O açılışta, iki bakanlığın desteğiyle, Arçelik, Baykar, Aselsan ve Biyosis firmalarının ortaklığıyla üretilen ve gelişmiş ülkelerin bulmakta zorlandığı solunum cihazlarının devreye girmesi milyonların yüreğine su serpti.
İşin sadece küçük ama anlamlı bir boyutuydu bu. Peki, bu tabloya muhalefet partisi CHP nasıl yaklaşıyor?
İşte AK Parti'yle CHP arasındaki fark tam da burada ortaya çıkıyor. CHP'ye yakın kamuoyu araştırma şirketleri bile hala CHP ile AK Parti arasındaki oy farkının yüzde 20'lerde olduğunu gösteriyor.
Bu sonuca neler yol açtığını görmek için CHP'nin izlediği negatif siyasete bakmak gerekiyor. Daha ilk günden CHP Genel Başkanı Kemal Kılıçdaroğlu şehir hastanelerine karşı çıkmış ve şöyle demişti: "Bu hastaneler işe yaramaz"
Bu yaklaşım, dünyanın en modern şehir hastanelerine karşı olarak da fuar alanında alelacele ve hiçbir sağlık standardı olmayan sahra hastaneleri önerisi getiriyordu. Hadi Kılıçdaroğlu eski kuşak siyasetçi ve bir türlü değişmiyordu. Peki, "yeni nesil siyasetçi" İBB Başkanı Ekrem İmamoğlu ne yaptı?
O da farklı değildi. Dün açılışı yapılan Başakşehir Şehir Hastanesi'nin yollarını yapmamak için direndi ama foyası çabuk ortaya çıktı. Çünkü aynı tarihlerde 200 milyon TL'lik asfalt ihalesi yaptığı gibi, önceki gün çok daha vahim bir gerçek ortaya çıktı.
Meğer İmamoğlu, İstanbul'da bir günde 500 bin ton, pardon sonradan düzeltti 5 bin ton asfalt döktüğünü açıkladı. Hani Büyükşehir'in parası yoktu?
Bu negatif tabloyu, Kılıçdaroğlu'nun alternatif diye sunduğu Adana Belediye Başkanı Zeydan Karalar'ın "Sahra Hastanesi" görüntüsü tamamladı. Şimdi panellerden oluşan CHP hastanesinin o görüntüleriyle Başakşehir Şehir Hastanesi'nin modern görüntülerini yan yana koyup kıyaslayın. Bu AK Parti'yle CHP arasında hiç kapanmayan siyasi farkın da görüntüsüdür.

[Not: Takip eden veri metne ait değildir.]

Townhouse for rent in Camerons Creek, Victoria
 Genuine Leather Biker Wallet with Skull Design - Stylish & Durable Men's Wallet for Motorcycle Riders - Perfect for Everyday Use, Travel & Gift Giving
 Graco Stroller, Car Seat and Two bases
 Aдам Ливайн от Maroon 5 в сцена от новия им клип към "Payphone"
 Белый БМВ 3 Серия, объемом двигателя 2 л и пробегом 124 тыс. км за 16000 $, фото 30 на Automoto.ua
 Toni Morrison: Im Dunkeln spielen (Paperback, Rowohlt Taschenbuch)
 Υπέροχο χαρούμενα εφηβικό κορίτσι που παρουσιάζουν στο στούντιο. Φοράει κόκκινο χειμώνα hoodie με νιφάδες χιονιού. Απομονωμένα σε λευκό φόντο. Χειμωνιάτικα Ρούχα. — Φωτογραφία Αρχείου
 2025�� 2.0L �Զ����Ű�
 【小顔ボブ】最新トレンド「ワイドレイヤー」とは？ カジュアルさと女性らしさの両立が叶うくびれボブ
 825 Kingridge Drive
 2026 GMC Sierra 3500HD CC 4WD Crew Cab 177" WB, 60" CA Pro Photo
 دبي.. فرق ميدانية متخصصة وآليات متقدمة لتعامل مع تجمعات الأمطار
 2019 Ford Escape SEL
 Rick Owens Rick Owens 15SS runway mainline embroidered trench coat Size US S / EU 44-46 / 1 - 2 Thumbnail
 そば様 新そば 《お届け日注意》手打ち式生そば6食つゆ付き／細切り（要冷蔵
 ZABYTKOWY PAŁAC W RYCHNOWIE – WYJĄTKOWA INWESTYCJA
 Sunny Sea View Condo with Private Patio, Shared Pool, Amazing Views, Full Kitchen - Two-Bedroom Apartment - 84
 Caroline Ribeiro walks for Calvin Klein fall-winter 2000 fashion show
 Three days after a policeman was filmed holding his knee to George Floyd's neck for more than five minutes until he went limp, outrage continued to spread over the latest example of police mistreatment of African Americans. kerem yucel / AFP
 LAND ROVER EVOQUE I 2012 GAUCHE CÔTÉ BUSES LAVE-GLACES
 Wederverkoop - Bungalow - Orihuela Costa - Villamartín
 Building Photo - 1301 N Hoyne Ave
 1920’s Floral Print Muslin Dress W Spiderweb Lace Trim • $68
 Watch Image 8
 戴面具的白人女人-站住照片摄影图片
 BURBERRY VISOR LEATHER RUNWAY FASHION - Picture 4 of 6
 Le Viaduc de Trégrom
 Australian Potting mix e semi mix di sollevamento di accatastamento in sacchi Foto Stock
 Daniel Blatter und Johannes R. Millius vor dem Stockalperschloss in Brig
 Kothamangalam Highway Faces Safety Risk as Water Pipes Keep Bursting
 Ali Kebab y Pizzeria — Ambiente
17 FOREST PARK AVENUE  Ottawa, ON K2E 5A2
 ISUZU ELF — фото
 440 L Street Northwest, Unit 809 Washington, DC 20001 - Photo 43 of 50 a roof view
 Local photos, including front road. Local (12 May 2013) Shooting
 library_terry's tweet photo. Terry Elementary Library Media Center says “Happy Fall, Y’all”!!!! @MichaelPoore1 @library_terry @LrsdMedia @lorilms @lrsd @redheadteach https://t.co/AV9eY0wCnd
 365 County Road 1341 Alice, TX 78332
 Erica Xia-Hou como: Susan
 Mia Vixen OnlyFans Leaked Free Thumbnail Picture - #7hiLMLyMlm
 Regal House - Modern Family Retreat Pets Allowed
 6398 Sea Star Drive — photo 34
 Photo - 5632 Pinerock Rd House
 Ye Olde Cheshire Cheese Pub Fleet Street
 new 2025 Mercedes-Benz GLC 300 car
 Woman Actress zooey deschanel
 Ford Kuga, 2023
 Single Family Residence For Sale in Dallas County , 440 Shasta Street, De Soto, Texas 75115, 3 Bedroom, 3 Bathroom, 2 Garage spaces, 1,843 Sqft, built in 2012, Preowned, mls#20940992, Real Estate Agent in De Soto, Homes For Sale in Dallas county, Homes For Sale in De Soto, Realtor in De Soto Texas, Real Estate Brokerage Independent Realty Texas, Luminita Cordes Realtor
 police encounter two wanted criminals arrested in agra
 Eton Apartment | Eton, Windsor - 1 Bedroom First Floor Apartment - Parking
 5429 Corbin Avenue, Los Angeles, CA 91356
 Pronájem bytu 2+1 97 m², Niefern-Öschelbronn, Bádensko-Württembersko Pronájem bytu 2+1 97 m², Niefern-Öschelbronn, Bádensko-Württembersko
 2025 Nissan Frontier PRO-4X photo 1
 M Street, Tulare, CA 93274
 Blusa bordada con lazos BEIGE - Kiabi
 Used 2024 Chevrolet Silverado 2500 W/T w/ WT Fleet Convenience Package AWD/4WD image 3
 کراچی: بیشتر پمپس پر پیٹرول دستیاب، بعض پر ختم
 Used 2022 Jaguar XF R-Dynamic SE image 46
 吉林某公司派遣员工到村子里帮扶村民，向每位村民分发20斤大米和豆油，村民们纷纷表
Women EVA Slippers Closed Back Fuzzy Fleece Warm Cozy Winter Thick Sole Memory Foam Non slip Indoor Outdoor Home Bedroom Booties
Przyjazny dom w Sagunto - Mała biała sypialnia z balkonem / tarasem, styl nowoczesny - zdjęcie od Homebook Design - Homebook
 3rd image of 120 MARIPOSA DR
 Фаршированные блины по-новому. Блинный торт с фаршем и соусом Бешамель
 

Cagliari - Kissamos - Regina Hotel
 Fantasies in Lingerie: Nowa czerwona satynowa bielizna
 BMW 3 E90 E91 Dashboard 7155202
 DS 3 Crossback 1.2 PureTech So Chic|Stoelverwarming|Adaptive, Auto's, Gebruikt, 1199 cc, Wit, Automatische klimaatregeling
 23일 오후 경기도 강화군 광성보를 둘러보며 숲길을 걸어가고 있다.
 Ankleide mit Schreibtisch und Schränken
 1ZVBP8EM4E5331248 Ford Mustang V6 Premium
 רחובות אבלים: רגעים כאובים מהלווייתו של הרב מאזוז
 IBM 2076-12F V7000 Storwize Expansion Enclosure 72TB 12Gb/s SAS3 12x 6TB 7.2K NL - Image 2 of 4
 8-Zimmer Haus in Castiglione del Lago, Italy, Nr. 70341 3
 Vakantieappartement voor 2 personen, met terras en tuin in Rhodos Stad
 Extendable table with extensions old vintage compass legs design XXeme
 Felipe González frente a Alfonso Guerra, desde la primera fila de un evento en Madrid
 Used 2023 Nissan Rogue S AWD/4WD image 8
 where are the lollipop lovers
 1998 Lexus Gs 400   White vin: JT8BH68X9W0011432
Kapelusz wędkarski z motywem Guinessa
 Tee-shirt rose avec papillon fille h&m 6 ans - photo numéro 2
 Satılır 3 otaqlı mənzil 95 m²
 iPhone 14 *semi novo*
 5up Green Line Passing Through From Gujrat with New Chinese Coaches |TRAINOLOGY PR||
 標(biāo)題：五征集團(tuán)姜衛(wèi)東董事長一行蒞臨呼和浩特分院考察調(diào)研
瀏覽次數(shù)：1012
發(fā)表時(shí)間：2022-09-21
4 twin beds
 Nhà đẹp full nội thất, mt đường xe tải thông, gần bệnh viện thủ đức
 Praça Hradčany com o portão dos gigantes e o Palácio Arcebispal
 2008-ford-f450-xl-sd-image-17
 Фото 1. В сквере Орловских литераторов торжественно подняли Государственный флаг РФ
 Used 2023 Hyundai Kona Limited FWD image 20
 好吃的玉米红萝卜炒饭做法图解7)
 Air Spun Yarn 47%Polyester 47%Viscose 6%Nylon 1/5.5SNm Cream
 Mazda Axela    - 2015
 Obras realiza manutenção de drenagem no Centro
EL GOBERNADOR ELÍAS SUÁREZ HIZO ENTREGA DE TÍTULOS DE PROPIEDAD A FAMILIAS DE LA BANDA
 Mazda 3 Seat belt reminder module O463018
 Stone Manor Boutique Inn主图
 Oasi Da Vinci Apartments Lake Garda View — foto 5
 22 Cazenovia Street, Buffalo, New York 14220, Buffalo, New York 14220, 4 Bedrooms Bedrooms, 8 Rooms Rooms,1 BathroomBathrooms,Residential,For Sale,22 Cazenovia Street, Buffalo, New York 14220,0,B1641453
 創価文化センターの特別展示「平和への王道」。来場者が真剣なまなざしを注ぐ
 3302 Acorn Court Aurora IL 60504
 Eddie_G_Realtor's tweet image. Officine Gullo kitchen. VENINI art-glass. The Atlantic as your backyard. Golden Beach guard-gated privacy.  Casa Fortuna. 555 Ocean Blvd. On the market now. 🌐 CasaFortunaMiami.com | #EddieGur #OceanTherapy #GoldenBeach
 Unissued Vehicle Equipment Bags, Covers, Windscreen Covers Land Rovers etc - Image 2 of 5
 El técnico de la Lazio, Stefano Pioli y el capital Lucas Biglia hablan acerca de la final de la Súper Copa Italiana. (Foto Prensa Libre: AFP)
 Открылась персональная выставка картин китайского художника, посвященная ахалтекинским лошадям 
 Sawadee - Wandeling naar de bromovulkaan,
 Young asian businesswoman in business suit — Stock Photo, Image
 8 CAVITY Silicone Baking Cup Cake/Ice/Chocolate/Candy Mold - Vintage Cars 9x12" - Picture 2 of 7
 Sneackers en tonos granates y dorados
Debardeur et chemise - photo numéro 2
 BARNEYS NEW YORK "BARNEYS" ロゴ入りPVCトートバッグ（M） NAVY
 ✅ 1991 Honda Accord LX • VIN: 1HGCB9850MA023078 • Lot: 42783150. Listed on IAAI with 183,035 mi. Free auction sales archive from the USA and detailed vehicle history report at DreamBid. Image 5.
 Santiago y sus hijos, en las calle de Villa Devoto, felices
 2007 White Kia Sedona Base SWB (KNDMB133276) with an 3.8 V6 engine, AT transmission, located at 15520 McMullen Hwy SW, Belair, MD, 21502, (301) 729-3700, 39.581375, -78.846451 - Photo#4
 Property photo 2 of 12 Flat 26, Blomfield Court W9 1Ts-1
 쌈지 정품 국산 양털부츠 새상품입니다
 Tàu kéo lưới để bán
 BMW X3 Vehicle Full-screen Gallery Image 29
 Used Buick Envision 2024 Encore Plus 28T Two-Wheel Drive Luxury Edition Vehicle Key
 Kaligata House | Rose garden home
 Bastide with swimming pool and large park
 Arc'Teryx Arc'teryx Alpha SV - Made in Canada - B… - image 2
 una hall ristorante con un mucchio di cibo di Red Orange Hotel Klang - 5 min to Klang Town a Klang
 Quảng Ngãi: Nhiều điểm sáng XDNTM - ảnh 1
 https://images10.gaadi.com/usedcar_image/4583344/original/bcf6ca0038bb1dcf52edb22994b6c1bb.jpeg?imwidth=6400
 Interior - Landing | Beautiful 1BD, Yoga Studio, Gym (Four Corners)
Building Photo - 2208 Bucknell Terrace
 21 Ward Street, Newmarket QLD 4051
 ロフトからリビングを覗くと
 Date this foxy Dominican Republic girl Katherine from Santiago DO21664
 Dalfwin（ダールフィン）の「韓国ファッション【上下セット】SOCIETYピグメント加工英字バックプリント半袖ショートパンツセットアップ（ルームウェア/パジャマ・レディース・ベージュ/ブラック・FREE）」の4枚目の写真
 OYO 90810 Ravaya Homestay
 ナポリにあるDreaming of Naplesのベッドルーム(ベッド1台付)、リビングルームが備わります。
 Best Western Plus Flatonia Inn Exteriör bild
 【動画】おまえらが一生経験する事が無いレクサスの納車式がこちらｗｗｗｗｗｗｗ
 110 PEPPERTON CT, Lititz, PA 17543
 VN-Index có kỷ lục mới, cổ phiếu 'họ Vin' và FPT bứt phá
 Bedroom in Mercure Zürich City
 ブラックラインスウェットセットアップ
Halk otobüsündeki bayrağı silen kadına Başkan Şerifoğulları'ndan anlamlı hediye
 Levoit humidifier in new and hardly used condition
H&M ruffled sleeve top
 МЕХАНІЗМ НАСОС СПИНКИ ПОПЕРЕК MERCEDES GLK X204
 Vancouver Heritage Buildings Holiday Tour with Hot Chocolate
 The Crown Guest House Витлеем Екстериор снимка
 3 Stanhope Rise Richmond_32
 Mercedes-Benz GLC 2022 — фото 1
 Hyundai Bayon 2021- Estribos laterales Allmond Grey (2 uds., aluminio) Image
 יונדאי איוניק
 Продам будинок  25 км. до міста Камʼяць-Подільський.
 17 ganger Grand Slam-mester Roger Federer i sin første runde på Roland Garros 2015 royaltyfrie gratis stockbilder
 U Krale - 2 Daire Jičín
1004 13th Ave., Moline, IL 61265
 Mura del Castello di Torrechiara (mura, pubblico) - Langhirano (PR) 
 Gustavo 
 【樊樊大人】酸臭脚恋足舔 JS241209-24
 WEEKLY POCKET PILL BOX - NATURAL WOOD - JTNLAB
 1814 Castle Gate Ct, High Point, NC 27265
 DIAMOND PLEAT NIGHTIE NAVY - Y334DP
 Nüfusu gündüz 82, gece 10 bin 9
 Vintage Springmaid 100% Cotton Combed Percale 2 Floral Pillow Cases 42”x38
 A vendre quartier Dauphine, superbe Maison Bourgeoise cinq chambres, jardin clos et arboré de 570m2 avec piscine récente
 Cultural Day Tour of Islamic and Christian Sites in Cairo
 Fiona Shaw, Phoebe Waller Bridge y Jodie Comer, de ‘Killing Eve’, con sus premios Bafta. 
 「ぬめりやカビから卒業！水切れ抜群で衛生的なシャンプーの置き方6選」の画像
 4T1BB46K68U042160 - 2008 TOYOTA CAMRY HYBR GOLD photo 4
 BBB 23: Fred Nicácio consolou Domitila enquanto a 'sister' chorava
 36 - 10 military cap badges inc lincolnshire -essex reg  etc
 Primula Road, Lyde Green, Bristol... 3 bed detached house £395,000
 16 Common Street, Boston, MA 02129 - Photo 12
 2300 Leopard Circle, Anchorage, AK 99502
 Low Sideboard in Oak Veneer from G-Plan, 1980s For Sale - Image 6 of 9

Aynı ölçüsüzlüğü yardım toplama ve ekmek meselesinde de görüyoruz. CHP yönetimi böyle ucube bir siyaset üreterek sadece "güven" kaybetmiyor, aynı zamanda yerel yönetimlerde kendisine verilen şansı da heba ediyor.
Hiç konuşmasalar daha şanslı olurlar.